The recitation of the entire Quran in the tarawih prayers is in a way, a re-enactment of the revelation of the Holy Book in this month. In fact, the fast in the day purifies us in order to make us ready to stand up and “receive the Quran” during the tarawih prayers.

Besides, people tend to overeat after breaking their fast, even though it’s against the way of the Prophet (PBUH). What better way then to digest that food and burn those calories than the tarawih prayers?!

So let us not neglect this great Sunnah of the night prayer.

  1. Return to the Quran: Ramadan is sacred because the Holy Quran was revealed in it. We fast in this month in honor of the Quran. Almighty Allah says: “The month of Ramadan in which We revealed the Quran as Guidance for Mankind … so whosoever attains the month, then let him fast in it.”

The Quran is God’s direct message to mankind. It is full of guidance, light and wonders. Ramadan is the right time for us to return to the Quran, to recite and understand it. Traditionally, Muslims would read a part (Juz/Sipara) daily, in order to finish a complete recitation over 30 days. If one cannot do that, then one may read any amount daily, and complete the full recitation even after Ramadan.

I advise everyone to recite what they can of the Holy Book in this month, with some translation. The recitation of the Arabic will polish your heart, and reading the translation will illuminate your mind.

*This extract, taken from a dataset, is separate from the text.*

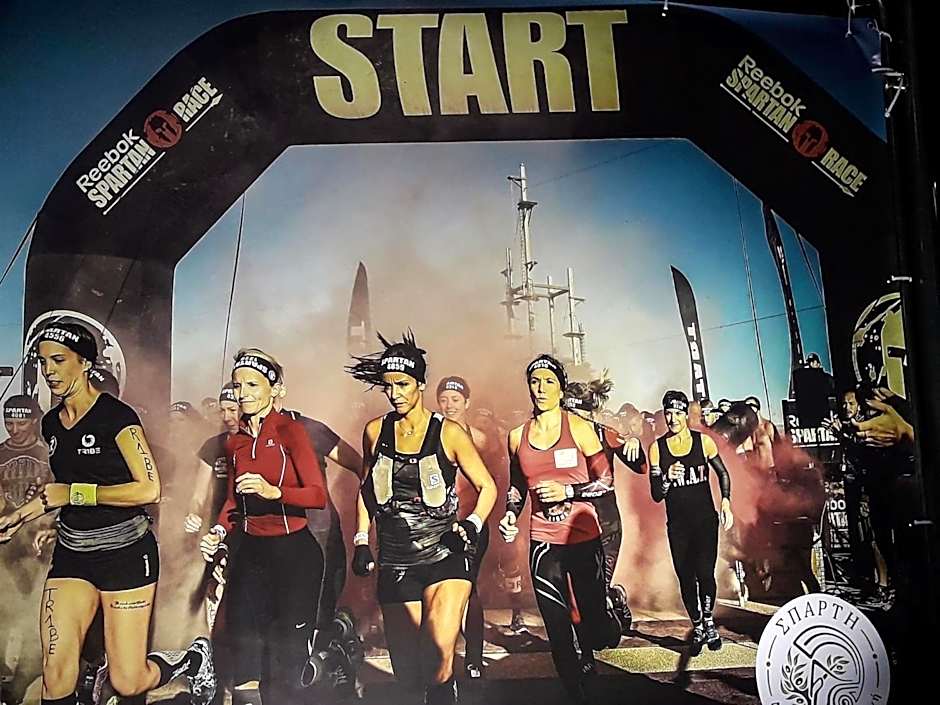 HELLAS PALACE ROOMS balcony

  1. Charity: Ramadan is the month of Charity! Ibn-Abbas narrates that the “Messenger of Allah (PBUH) was the most generous of all people, and he would be the most generous in Ramadan!”

Fasting and prayer are all useless if not complemented with charity. Throughout the Quran, prayer and charity are mentioned together. Even the smallest act of charity in this month may result in complete forgiveness, as the Blessed Prophet said.

So yes! Ramadan is here! And Ramadan will go! But what will it go with? What will it take from us to the Divine Presence of the All-Merciful?

That’s what matters.

Shaykh Fakhruddin Owaisi is a prominent Islamic scholar in South Africa and head of the Department of Islamic Studies at the International Peace College of South Africa (IPSA), Cape Town.